High-efficiency organic emitters that meet the increasing demand of BT. 2020 for vivid color reproduction are of significant importance for organic light-emitting diodes (OLEDs). In this work, we prepare a series of donor (D)–acceptor (A) type near-ultraviolet (NUV) emitters, 27-TPhCNCZ, 27-PTPhCNCZ, 36-TPhCNCZ, and 36-PTPhCNCZ, based on benzonitrile, phenyl, and carbazole groups. In toluene solution, 27-TPhCNCZ, 27-PTPhCNCZ, 36-TPhCNCZ, and 36-PTPhCNCZ exhibit main emission peaks at 374, 389, 384, and 390 nm in the NUV region with high PLQYs over 82%. By varying the substitution site on carbazole (2,7/3,6-positions), the dihedral angles (θ₁/θ₃) between carbazole and neighboring phenyl units and θ₂ between carbazole and benzonitrile are accordingly modulated.
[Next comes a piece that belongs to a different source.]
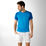 Play Crew Neck Tee Men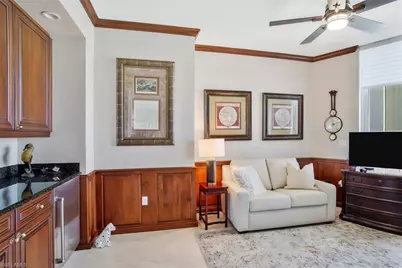 970 Cape Marco Dr #1107, Marco Island, FL 34145 - Photo 33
Among them, 27-PTPhCNCZ exhibits LE-dominant hybridized local and charge transfer (HLCT) characteristics compared to the CT-dominant excited states in 27-TPhCNCZ, 36-TPhCNCZ, and 36-PTPhCNCZ. The device based on 27-PTPhCNCZ realizes the best device performance with an electroluminescence peak at 408 nm, a maximum external quantum efficiency of 7.48%, and CIE coordinates of (0.17, 0.04), matching well with the BT.2020 standard. This work provides reliable guidance for the development of high-efficiency NUV emitters.